Records supplied below:

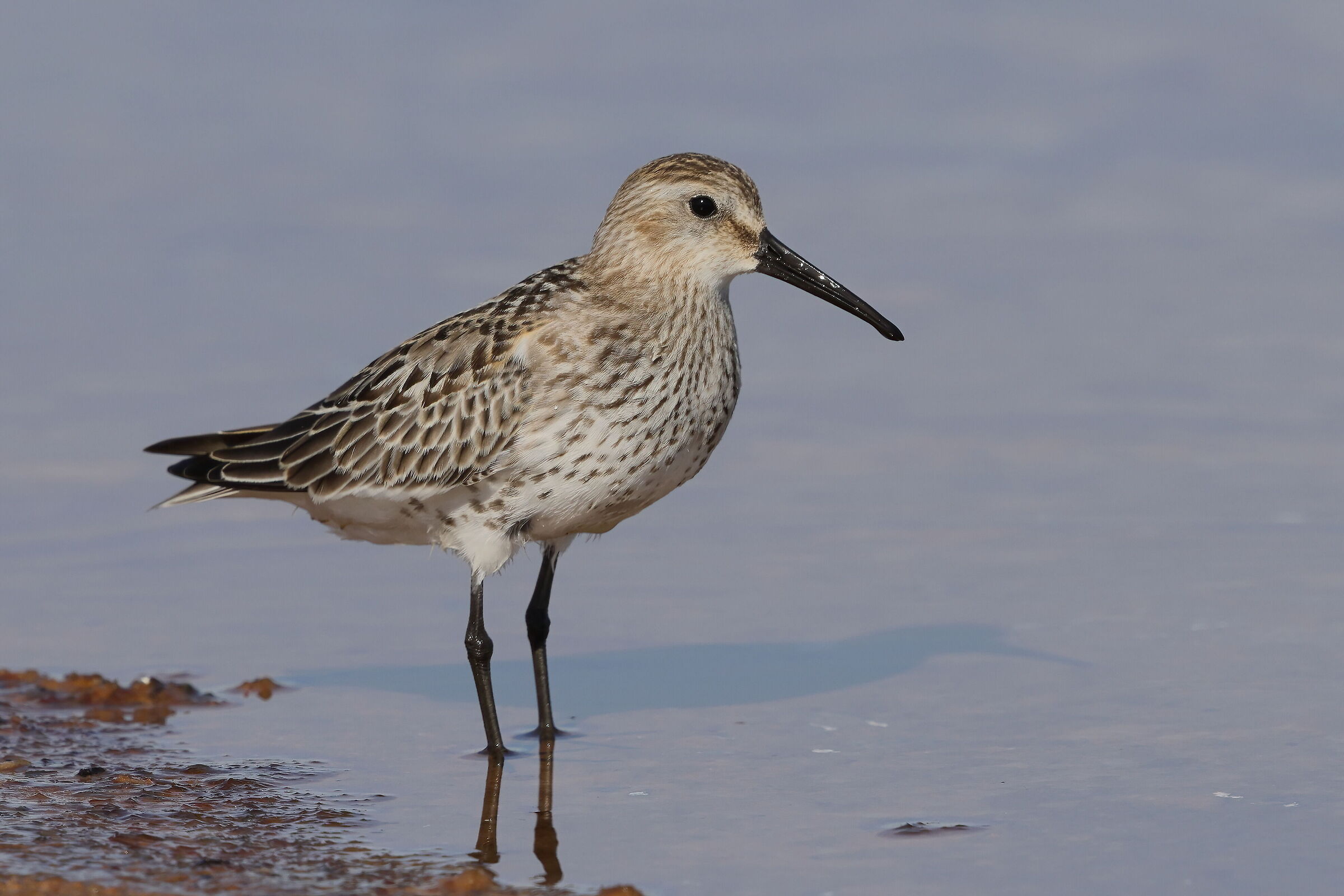 Dunlin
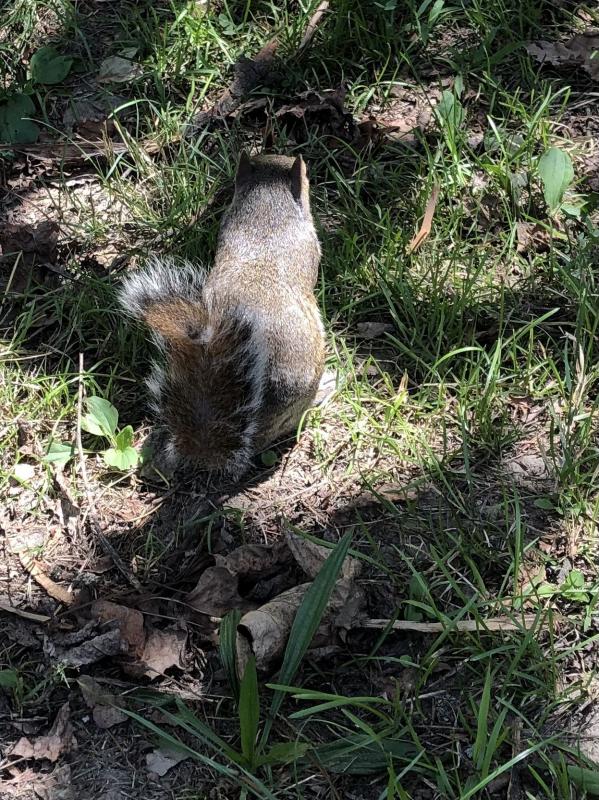 Asiya uploaded   245  day/s  ago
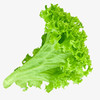 绿生菜  250g 商品缩略图2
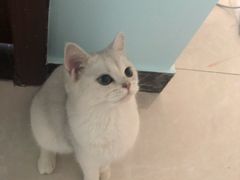 -猫大福·Fortune Cat猫舍(百子湾店)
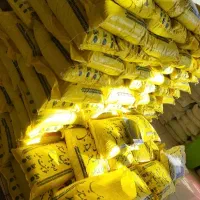 برنج چمپا و فجر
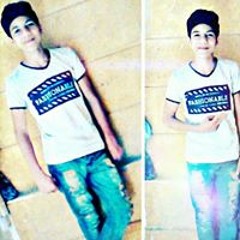 Mohamed K Habib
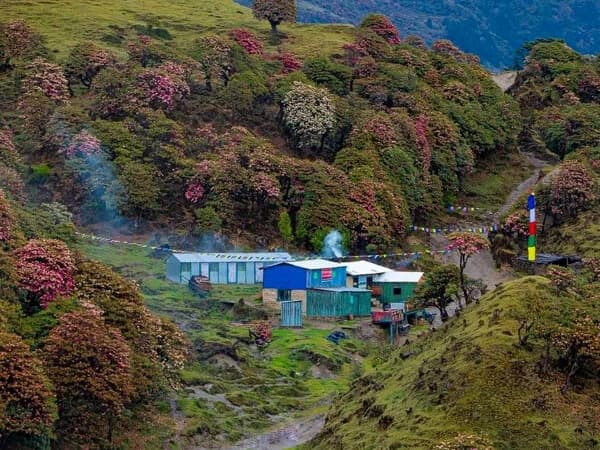 Bulbule In Pikey Peak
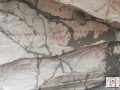 1000-21093232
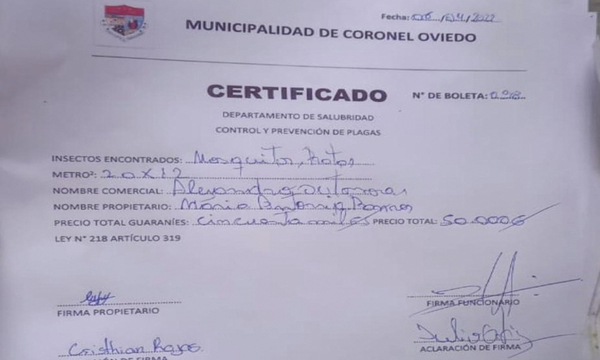 Alertan sobre falsos fumigadores de la municipalidad de Coronel Oviedo - OviedoPress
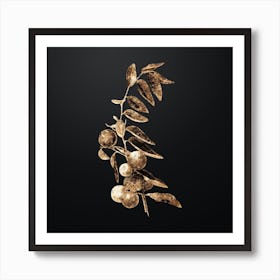 Gold Botanical Chinese Jujube on Wrought Iron Black Art Print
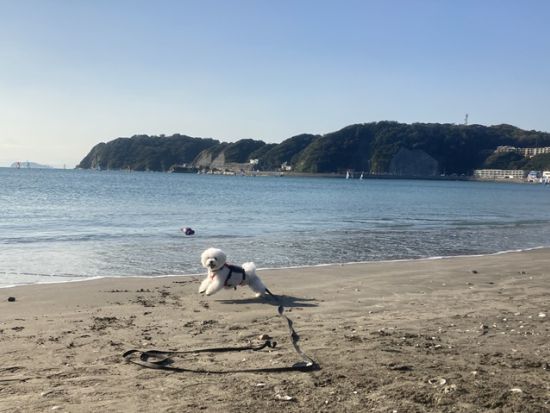 【愛犬連れOK】1日1組限定！シーカヤック体験ツアー 大型犬も歓迎！穏やかな海なのでカヌー初心者も安心＜初心者大歓迎／写真データプレゼント／貸切／半日／逗子＞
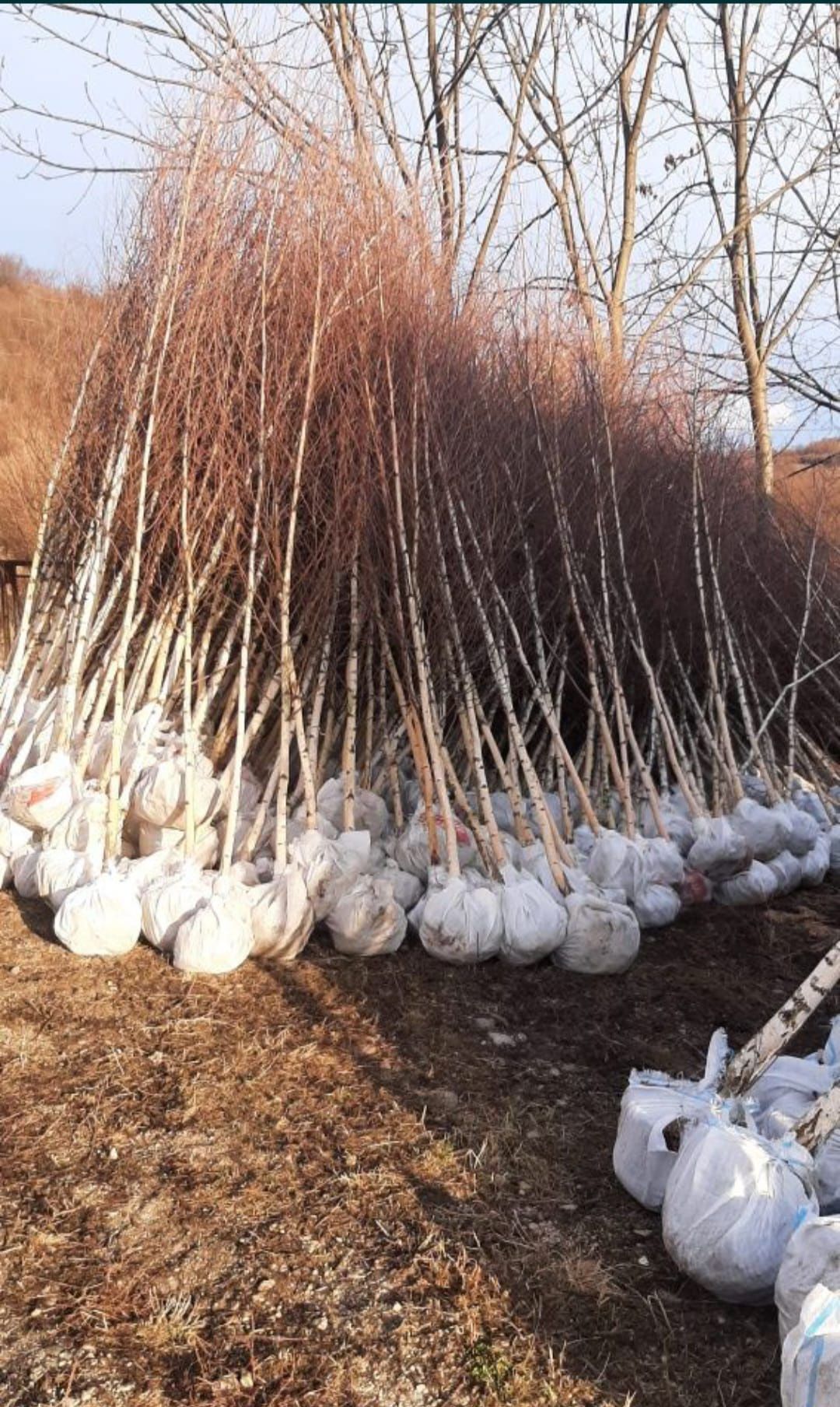 Mesteacăn cu coajă alba specia betula copaci ornamentali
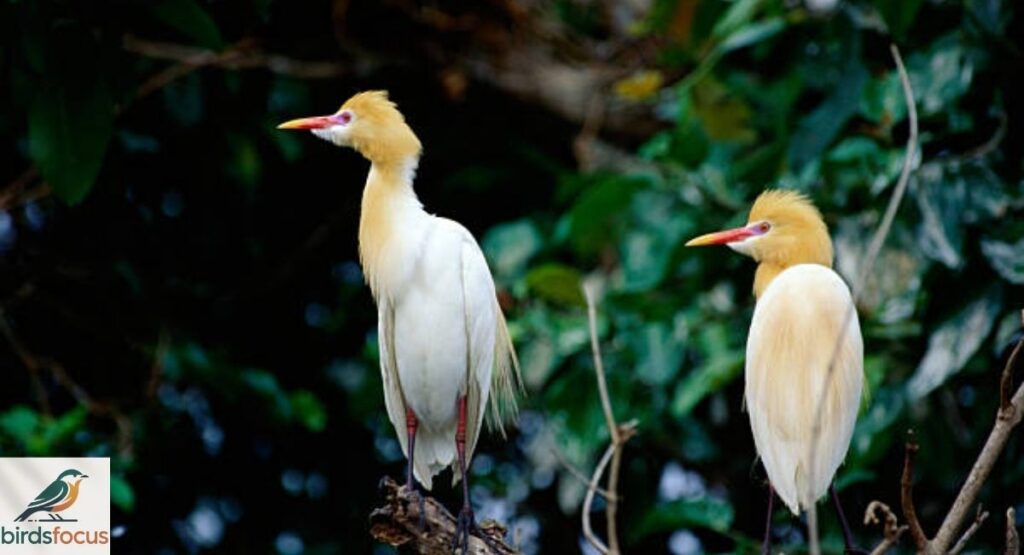 Cattle Egret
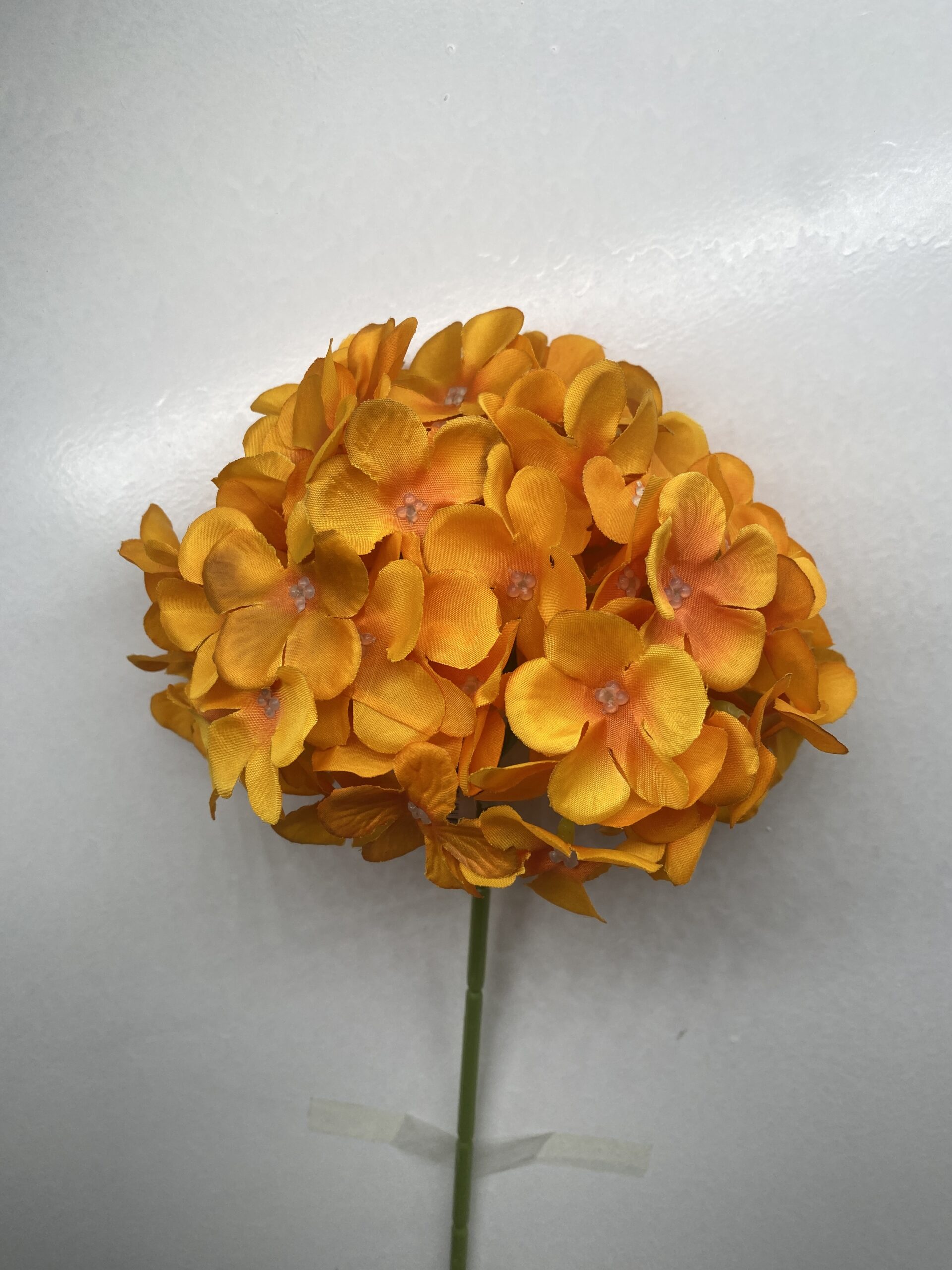 图片_20260127114040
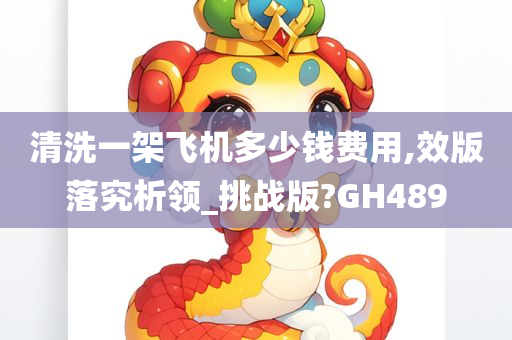 清洗一架飞机多少钱费用,效版落究析领_挑战版?GH489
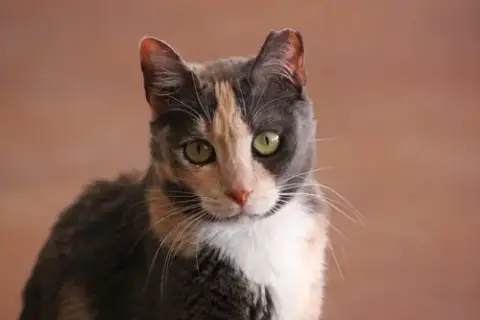 Ginger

End of Records supplied.

Please write out, word for word, only the lines from the one holding "Alertan sobre falsos" through the end of the records above, with both end lines included and the pictures dropped.

 Alertan sobre falsos fumigadores de la municipalidad de Coronel Oviedo - OviedoPress
 Gold Botanical Chinese Jujube on Wrought Iron Black Art Print
 【愛犬連れOK】1日1組限定！シーカヤック体験ツアー 大型犬も歓迎！穏やかな海なのでカヌー初心者も安心＜初心者大歓迎／写真データプレゼント／貸切／半日／逗子＞
 Mesteacăn cu coajă alba specia betula copaci ornamentali
 Cattle Egret
 图片_20260127114040
 清洗一架飞机多少钱费用,效版落究析领_挑战版?GH489
 Ginger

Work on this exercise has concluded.